As discussed in Where a thread is a good idea, threads also find use where a number of independent processing algorithms are occurring with shared data structures. While strictly speaking you can have a number of processes (each with one thread) explicitly sharing data, in some cases it's far more convenient to have a number of threads in one process instead. Let's see why and where you use threads in this case.
For our examples, we'll evolve a standard input/process/output model. In the most generic sense, one part of the model is responsible for getting input from somewhere, another part is responsible for processing the input to produce some form of output (or control), and the third part is responsible for feeding the output somewhere.

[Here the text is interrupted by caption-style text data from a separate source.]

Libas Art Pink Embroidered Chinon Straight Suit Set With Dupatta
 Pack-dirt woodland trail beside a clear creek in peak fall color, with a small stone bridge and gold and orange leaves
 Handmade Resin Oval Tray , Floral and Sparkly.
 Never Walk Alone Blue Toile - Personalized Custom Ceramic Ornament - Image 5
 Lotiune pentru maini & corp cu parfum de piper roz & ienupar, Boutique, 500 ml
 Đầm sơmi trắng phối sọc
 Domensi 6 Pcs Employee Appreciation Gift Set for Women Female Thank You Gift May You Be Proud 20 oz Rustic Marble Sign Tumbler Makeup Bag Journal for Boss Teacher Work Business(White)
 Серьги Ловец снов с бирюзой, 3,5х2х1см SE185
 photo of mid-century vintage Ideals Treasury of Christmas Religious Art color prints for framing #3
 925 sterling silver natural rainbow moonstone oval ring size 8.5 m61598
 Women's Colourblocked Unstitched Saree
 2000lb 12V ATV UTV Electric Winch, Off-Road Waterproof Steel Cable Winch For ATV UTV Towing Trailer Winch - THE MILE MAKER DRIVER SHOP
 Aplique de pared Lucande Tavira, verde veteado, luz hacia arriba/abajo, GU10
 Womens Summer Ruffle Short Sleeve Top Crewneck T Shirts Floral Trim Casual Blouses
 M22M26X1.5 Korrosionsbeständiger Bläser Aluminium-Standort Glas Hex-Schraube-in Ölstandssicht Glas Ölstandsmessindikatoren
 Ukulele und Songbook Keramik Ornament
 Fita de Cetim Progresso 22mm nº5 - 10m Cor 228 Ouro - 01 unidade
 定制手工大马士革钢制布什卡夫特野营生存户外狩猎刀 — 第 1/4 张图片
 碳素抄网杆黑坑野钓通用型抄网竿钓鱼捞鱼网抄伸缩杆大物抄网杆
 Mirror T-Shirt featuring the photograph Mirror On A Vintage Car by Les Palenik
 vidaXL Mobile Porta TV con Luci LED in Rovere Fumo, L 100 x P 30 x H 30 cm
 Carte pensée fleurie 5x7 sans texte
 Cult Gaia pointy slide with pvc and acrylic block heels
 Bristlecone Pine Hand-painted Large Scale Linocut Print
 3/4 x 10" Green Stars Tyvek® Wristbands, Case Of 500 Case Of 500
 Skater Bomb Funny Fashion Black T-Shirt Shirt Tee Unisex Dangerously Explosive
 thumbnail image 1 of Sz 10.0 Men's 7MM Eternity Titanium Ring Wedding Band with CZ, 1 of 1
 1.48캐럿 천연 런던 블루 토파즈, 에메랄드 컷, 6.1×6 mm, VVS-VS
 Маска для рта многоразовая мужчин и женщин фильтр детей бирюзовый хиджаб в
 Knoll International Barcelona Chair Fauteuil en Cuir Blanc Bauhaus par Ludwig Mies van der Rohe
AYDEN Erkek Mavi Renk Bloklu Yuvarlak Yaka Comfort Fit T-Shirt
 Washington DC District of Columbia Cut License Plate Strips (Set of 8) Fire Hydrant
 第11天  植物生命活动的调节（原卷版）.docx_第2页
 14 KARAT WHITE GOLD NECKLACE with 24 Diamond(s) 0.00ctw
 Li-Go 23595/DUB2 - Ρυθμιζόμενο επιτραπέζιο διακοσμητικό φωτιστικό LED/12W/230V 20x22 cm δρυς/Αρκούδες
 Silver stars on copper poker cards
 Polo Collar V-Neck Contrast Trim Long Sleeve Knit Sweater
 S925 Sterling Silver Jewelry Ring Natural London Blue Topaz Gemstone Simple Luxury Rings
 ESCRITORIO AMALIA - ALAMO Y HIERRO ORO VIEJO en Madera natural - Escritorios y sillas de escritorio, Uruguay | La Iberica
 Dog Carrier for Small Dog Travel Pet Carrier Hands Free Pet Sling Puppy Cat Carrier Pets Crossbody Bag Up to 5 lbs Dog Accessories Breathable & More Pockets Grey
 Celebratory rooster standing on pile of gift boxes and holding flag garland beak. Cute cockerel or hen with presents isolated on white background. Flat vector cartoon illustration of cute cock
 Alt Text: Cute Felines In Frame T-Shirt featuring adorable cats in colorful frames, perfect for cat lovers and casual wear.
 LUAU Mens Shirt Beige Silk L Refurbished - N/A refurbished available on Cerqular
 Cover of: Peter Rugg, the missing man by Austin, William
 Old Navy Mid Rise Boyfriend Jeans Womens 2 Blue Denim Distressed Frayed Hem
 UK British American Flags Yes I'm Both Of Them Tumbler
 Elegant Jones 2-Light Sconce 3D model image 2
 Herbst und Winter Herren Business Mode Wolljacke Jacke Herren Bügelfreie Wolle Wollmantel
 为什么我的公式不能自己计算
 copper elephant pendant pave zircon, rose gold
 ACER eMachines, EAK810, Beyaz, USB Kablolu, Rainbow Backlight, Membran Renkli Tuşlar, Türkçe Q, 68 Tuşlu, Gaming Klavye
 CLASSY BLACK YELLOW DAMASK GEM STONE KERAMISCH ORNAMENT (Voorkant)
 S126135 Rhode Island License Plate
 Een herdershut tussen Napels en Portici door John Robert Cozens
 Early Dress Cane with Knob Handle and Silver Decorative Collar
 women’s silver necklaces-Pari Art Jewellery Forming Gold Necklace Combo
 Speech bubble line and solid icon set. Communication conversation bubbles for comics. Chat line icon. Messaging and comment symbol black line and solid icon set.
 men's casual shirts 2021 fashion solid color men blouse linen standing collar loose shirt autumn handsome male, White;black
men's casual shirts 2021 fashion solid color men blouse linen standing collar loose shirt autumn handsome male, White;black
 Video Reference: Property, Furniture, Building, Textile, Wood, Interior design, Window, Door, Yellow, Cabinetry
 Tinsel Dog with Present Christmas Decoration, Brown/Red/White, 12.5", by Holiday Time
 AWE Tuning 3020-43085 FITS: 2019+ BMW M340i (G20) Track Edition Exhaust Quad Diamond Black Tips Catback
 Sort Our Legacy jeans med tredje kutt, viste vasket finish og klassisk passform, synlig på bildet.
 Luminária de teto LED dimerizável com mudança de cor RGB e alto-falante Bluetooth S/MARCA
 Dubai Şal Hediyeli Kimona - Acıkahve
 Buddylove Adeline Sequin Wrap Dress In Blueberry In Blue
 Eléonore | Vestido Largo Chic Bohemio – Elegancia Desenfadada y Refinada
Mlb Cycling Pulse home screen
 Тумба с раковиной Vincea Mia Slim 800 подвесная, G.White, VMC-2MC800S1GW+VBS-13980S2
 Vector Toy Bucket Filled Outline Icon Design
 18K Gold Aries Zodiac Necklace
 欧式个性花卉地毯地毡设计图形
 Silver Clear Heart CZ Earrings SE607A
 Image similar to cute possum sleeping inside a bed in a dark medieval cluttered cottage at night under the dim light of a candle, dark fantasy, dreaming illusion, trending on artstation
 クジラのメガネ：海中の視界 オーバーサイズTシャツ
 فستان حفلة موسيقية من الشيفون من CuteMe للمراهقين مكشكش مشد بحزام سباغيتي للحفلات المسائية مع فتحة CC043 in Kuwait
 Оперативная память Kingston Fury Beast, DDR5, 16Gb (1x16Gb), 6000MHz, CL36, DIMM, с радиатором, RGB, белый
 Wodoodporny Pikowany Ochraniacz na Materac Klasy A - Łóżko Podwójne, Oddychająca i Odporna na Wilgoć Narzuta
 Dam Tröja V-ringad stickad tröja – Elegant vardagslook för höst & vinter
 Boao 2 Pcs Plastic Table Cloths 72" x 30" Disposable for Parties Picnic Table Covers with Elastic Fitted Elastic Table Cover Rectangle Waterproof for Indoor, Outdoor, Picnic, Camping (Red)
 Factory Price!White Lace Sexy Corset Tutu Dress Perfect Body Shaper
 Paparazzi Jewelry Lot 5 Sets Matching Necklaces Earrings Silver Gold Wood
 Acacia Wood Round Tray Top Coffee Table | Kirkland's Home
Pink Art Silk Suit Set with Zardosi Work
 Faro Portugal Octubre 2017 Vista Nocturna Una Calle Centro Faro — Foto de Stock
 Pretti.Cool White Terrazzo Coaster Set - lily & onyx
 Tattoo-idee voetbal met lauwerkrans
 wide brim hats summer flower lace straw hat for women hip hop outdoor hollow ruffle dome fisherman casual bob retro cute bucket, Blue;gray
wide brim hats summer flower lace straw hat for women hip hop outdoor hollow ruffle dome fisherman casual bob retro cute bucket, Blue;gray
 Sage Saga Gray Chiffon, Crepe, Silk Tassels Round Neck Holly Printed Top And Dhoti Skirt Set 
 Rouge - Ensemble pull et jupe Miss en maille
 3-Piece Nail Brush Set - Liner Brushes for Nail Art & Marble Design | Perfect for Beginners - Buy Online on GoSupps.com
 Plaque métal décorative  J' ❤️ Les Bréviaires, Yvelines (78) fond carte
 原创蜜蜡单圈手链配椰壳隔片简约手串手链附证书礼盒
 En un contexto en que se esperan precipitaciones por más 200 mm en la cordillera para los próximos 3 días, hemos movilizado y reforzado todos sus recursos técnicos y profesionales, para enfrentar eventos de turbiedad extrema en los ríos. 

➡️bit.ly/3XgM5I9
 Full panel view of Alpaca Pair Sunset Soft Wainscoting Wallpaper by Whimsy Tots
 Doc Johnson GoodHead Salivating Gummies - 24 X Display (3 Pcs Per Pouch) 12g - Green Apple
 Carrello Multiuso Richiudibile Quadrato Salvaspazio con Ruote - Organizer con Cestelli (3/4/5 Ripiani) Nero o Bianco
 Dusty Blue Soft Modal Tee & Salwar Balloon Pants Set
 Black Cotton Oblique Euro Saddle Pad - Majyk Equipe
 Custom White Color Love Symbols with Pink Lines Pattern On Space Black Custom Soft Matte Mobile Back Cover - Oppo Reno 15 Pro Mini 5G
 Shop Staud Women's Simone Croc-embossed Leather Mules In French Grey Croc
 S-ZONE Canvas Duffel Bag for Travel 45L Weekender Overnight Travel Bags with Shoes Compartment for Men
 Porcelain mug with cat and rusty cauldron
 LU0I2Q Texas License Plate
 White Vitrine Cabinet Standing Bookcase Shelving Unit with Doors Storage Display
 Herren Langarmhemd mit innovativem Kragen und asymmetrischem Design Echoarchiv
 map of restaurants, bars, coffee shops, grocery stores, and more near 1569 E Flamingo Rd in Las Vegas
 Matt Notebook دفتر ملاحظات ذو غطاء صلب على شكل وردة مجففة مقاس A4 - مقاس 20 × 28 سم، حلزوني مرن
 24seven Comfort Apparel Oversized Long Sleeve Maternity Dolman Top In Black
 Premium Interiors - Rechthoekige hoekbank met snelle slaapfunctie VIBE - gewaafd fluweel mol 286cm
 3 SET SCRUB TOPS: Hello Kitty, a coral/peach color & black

Let's first understand the situation from a multiple process, one-thread-per-process outlook. In this case, we have three processes, an input process, a processing process, and an output process:
This is the most highly abstracted form, and also the most loosely coupled. The input process has no real binding with either of the processing or output processes — it's responsible for gathering input and somehow giving it to the next stage (the processing stage). We can say the same thing of the processing and output processes — they too have no real binding with each other. We are also assuming in this example that the communication path (that is, the input-to-processing and the processing-to-output data flow) is accomplished over some connectioned protocol (for example, pipes, POSIX message queues, native BlackBerry 10 OS message passing — whatever).
Depending on the volume of data flow, we may want to optimize the communication path. The easiest way of doing this is to make the coupling between the three processes tighter. Instead of using a general-purpose connectioned protocol, we now choose a shared memory scheme (in the diagram, the thick lines indicate data flow; the thin lines, control flow):
In this scheme, we've tightened up the coupling, resulting in faster and more efficient data flow. We may still use a general-purpose connectioned protocol to transfer control information around — we're not expecting the control information to consume a lot of bandwidth.
The most tightly-coupled system is represented by the following scheme:
Here we see one process with three threads. The three threads share the data areas implicitly. Also, the control information may be implemented as it was in the previous examples, or it may also be implemented via some of the thread synchronization primitives such as mutexes, barriers, and semaphores.
Now, let's compare the three methods using various categories, and we'll also describe some of the trade-offs. With system 1, we see the loosest coupling. This has the advantage that each of the three processes can be easily (that is, via the command line, as opposed to recompile/redesign) replaced with a different module. This follows naturally, because the unit of modularity is the entire module itself. System 1 is also the only one that can be distributed among multiple nodes in a BlackBerry 10 OS network. Since the communications pathway is abstracted over some connectioned protocol, it's easy to see that the three processes can be executing on any machine in the network. This may be a very powerful scalability factor for your design — you may need your system to scale up to having hundreds of machines distributed geographically (or in other ways, for example, for peripheral hardware capability) and communicating with each other.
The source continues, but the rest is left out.